# [Data excerpts]
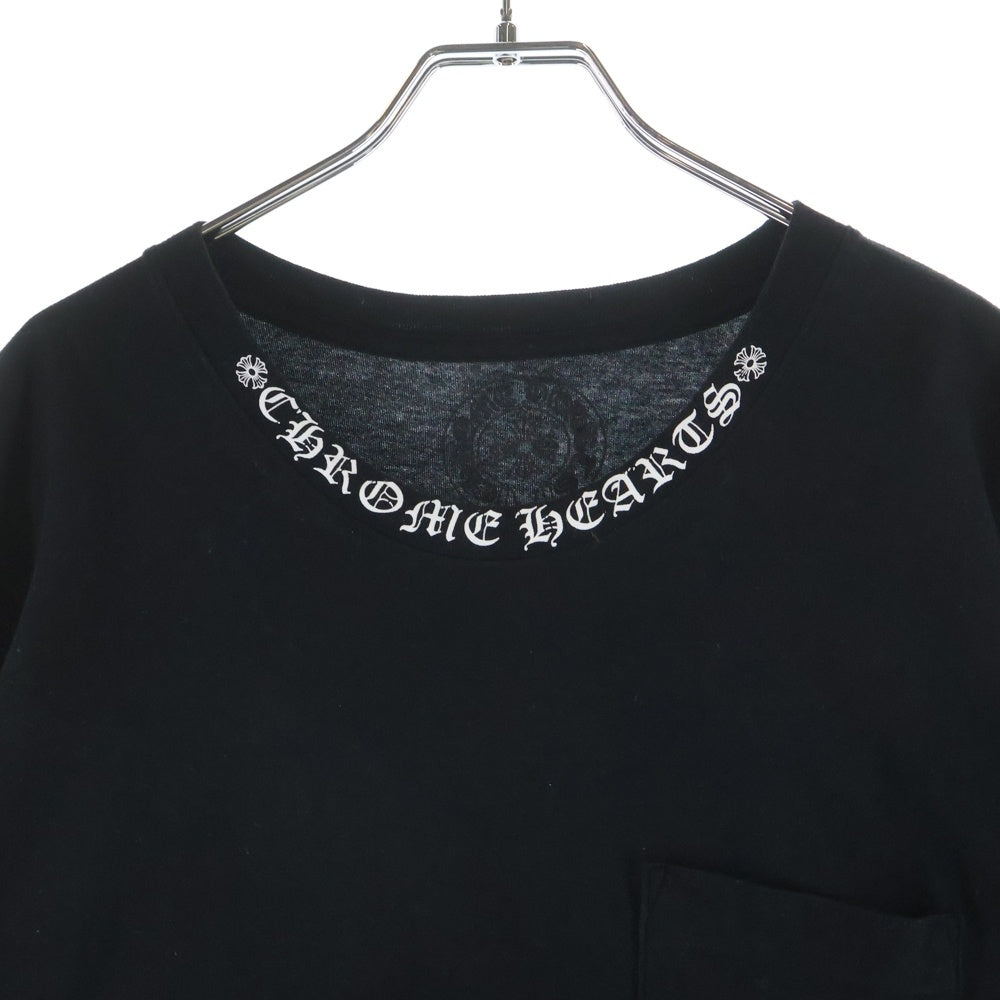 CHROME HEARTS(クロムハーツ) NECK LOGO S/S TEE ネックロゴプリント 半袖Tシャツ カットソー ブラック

* * *

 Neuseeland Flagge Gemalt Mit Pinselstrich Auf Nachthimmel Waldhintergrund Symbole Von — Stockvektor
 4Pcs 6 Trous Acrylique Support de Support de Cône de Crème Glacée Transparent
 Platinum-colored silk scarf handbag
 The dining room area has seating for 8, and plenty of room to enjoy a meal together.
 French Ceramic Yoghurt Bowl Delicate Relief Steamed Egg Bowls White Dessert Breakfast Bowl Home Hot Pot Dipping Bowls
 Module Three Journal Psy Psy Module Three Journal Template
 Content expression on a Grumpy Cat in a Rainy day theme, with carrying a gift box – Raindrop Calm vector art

# [Your instructions]
Which lines above run from the one containing "French Ceramic Yoghurt" to the one containing "Content expression on"? Give them again exactly, both ends included.

# [Task output]
 French Ceramic Yoghurt Bowl Delicate Relief Steamed Egg Bowls White Dessert Breakfast Bowl Home Hot Pot Dipping Bowls
 Module Three Journal Psy Psy Module Three Journal Template
 Content expression on a Grumpy Cat in a Rainy day theme, with carrying a gift box – Raindrop Calm vector art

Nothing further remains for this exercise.